From the entries below, transcribe exactly the lines between the line holding "SIGNATURE MODEL LOW MILEAGE - Image 2" and the line holding "CleanCar-0094_blau_1920x1080px.jpg", inclusive; skip all other lines.

**Exercise data**
== Segment start ==

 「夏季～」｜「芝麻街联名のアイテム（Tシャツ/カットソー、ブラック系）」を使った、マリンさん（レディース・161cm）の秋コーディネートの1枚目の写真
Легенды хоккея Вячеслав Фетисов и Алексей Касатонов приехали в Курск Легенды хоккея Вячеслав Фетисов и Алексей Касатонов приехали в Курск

== Segment end ==
== Segment start ==

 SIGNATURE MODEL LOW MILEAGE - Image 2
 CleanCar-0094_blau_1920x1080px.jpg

== Segment end ==

**Solution**
 SIGNATURE MODEL LOW MILEAGE - Image 2
 CleanCar-0094_blau_1920x1080px.jpg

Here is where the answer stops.